And yet, the seeds were there. We open the season’s frame narrative with a flashback to the death of Arathorn and the defeat and scattering of the Dúnedain in Arnor. That is the climax of an interesting conflict-laden with plenty of pathos. So of course we cut to decade later with Gilraen feeling sad, ensconced in the safest place on the continent where she is surrounded by the good and wise.
In season two’s frame Arwen visits Lothlórien, deals with the grief of her mother leaving for the West after her torture by orcs and grapples with the question of the ultimate home and purpose of the elves. Again, a single episode could wring from this all the drama (that is interest for the audience) it has the potential for. This is not a season’s arc.
And again, why are we dealing with the aftermath of trauma on someone who wasn’t experiencing it first hand? Celebrían has a real story (that actually covers most of the interesting philosophical ground that gave the Arwen story merit in the first place), with real stakes, real conflict and real consequences.
If we are going to pick stories of the Third Age to expand and show to the audience, they ought to be ones worth telling.

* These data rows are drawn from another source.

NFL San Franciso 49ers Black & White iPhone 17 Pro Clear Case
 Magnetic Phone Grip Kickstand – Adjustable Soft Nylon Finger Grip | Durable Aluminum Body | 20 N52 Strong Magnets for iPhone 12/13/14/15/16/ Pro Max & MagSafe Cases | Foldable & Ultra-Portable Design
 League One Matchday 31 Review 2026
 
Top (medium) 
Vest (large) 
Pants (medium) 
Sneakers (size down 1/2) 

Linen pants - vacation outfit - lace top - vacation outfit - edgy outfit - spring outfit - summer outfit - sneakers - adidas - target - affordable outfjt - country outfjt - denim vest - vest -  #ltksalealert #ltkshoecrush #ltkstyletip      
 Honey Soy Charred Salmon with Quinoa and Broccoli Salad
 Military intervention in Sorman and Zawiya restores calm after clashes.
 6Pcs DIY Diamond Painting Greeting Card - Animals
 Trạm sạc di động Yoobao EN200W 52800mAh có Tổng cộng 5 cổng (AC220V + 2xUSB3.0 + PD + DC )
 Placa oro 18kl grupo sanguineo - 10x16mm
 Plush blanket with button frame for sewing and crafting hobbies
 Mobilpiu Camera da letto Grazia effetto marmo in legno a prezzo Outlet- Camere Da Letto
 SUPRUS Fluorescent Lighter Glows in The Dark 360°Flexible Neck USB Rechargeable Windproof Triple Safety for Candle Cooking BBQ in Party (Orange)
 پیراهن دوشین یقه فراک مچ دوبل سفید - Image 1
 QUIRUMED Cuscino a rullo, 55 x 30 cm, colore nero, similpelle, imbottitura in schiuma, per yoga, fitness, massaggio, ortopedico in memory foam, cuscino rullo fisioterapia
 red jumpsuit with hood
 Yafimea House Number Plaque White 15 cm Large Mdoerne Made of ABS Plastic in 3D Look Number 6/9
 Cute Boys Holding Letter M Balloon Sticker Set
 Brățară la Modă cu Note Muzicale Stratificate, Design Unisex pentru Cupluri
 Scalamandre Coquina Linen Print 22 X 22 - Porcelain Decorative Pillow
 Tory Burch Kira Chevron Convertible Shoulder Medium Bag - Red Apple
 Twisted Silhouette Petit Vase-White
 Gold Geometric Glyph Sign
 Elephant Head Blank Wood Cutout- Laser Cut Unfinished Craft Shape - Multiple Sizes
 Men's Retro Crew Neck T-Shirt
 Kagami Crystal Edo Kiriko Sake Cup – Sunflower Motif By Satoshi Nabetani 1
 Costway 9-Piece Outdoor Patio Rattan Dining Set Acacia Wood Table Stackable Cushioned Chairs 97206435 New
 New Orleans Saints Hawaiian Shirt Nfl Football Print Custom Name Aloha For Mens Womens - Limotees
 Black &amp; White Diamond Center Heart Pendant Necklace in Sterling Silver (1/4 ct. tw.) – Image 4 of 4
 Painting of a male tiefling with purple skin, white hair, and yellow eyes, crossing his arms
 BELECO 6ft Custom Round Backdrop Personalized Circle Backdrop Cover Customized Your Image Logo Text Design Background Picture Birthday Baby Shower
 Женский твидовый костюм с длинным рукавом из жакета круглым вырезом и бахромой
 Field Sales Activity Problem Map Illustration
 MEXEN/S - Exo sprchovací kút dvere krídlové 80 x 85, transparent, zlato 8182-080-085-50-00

Having said all this, I accept it is easy to criticise without trying to help. Unfortunately, it is in trying to help – that is work on script outlines – that I came to these opinions. I do accept that criticism without suggestions for improvement is largely useless. So I want to consider how the frame narrative could achieve its purpose and be
good. I will do so only briefly, however, as established in the section above, our frame is
wrong to begin with.
The key is to recall our chosen medium and return to the purposes for the frame narrative. Our chosen medium is television, it is visual and episodic and tells compact stories. That is not to say it cannot tell long stories over a season or the entire series (we are in something of a renaissance when it comes to high quality serialised television, after all), but these long arcs have as their basic unit discrete stories: individual conflicts resolved in a plot that together form an arc. When identifying a frame narrative for a given season, we need to be confident that it can be broken down into a resolvable conflict (plot) for each episode. These plots do not need to have the heft and full blown content of our main narratives, since they will get at most a scene or two per act to play out, but they do need to answer some fundamentals: who do we care about, why are things bad for them, what do they do to overcome (or not) their problems?
Television as a visual medium matters. It has many strengths as a story telling vehicle, but unlike prose it cannot dwell inside it's characters psyches. Good television needs to have things happening on screen, if those things speak to the inner life of the characters then it is all to the good. Good television does not need to be all action, but it does need to express its events visually and through dialogue.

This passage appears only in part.